▶ THE PROBLEM:
Reproduce the following data exactly, minus any images.

▶ INFORMATION PROVIDED:
※
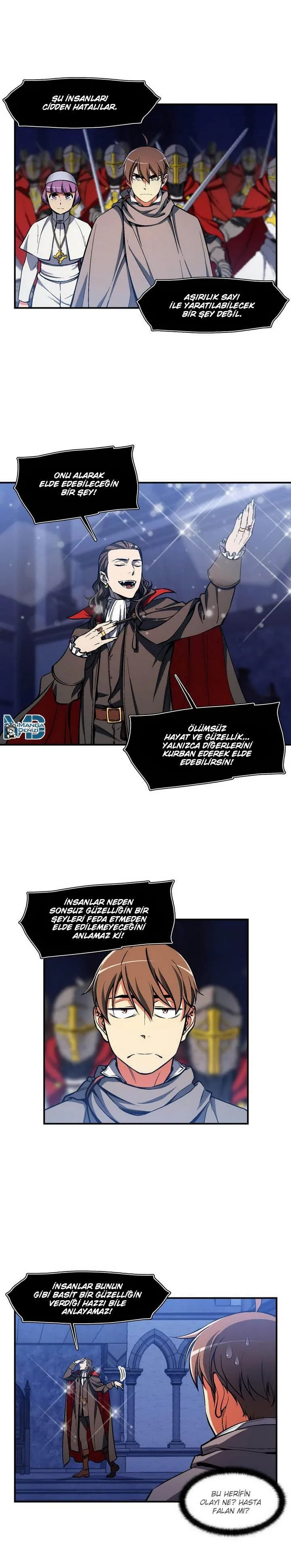 The Legendary Moonlight Sculptor - Sayfa 3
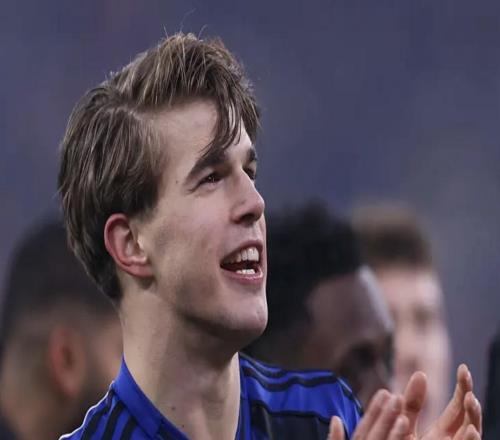 熱刺外租小將武什科維奇：我當然希望自己能在漢堡待得更久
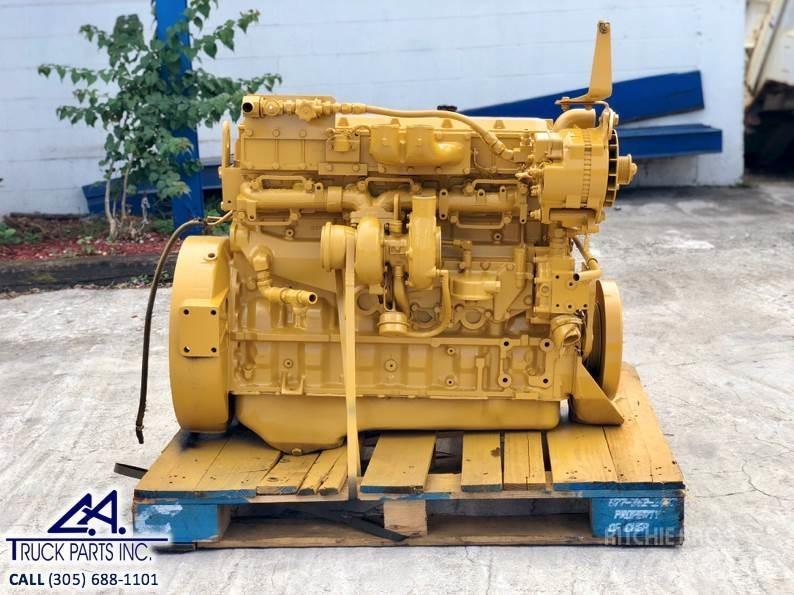 CAT 3116 Κινητήρες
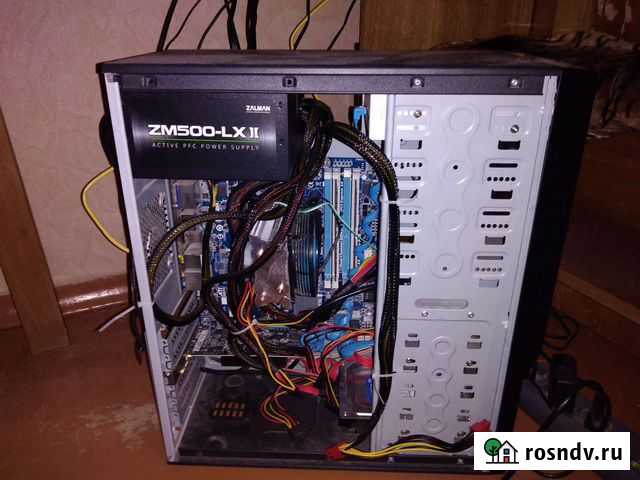 Игровой компьютер Ярославль - изображение 1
※
▶ ANSWER TO THIS EXERCISE:
 The Legendary Moonlight Sculptor - Sayfa 3
 熱刺外租小將武什科維奇：我當然希望自己能在漢堡待得更久
 CAT 3116 Κινητήρες
 Игровой компьютер Ярославль - изображение 1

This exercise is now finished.